The first successful attempt to ban the usage of chemical weapons was made after the horrific scenes of the consequences of the usage of chemical weapons after World War 1. The 1925 Geneva Protocol, signed by 196 States, prohibited “the use in war of asphyxiating, poisonous or other gases, and of all analogous liquids, materials or devices”. Even though it banned the usage of chemical weapons, the 1925 document failed to address the production, storage, testing, and transfer of the forbidden weapons.
After World War 2, number of attempts took place in order to go further with ban of chemical weapons. The latest and the most successful was the Chemical Weapons Convention (CWC), formally Convention on the Prohibition of the Development, Production, Stockpiling and Use of Chemical Weapons and on Their Destruction. The aim of CWC is total chemical weapons disarmament. Signatory states must destroy all their chemical weapons and their production facilities. As of January 2017, 69,059 of 72,524 (95%) metric tonnes of chemical agent have been verifiably destroyed. More than 57% (4.97 million) of chemical munitions and containers have been destroyed.

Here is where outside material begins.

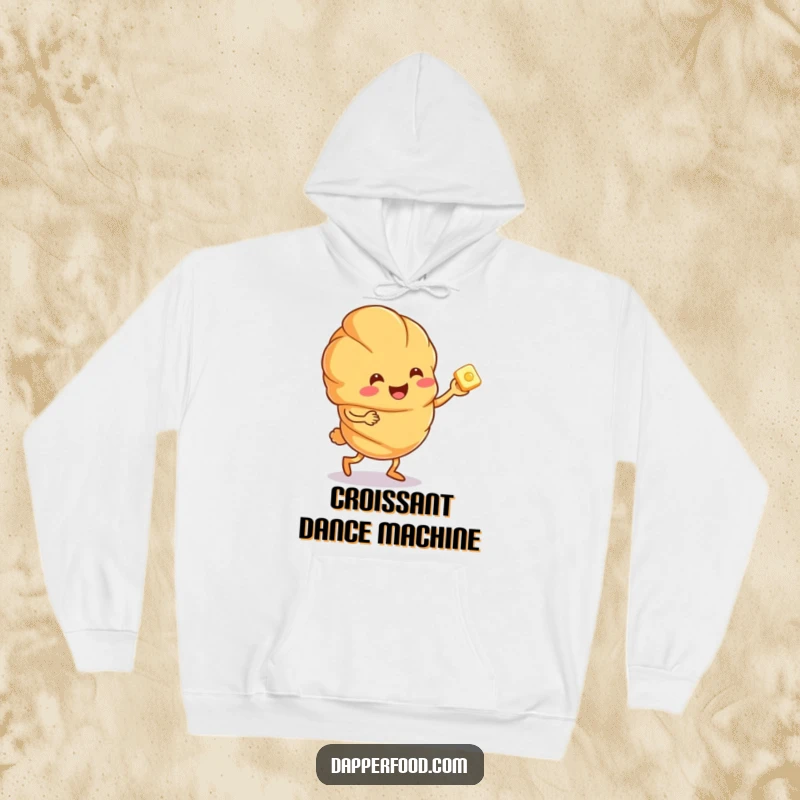 Funny anthropomorphic croissant character doing a joyful jig with a tiny butter pat, featured on a cozy hoodie.
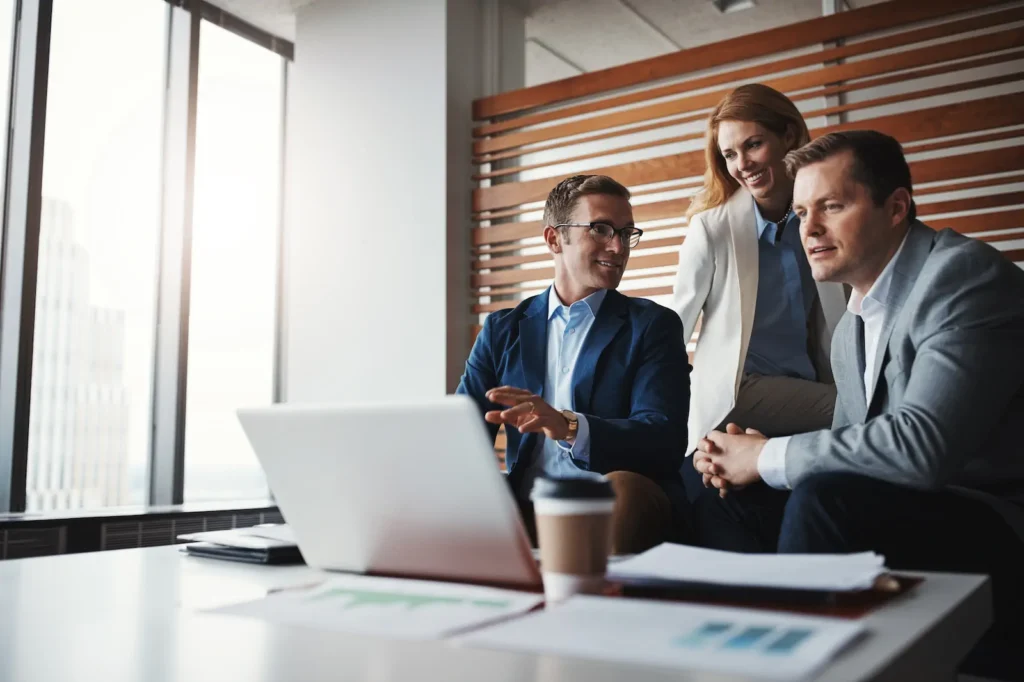 paperwork laptop business people office discussion with revenue profit report meeting team group financial advisors with computer company finance documents workplace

Verification of the CWC is entrusted to the Organisation for the Prohibition of Chemical Weapons (OPCW), with its headquarters in The Hague. Pursuant to the Convention, inspections are regularly carried out on State Parties to verify compliance.
The main principles of Spain, as permanent members of the United nations, are the protection of peace and stability, the promotion of human rights and the creation of the necessary security conditions for the suitable development of people, institutions and State.
Spain is deeply concerned about the use of chemical weapons and has always affirmed the necessity of immediate disarmament. Spain was the first European Union country to sign and ratify this in August 1994. On 13 May 1997, Spain set up the National Authority for the Prohibition of Chemical Weapons (Spanish acronym: ANPAQ), tasked with managing the terms of this treaty (Royal Decree 663/1997).
Investments into new laboratories and research facilities increased analytical capacity of substances relevant to Chemical Weapon Convention. These analytical laboratories are under the auspices of CWC and at a course coordinated by the Organization for the Prohibition of Chemical Weapons (OPCW) and Laboratory for the Verification of Chemical Weapons (LAVEMA). The new OPCW project was supported with a voluntary contribution from the Government of Spain.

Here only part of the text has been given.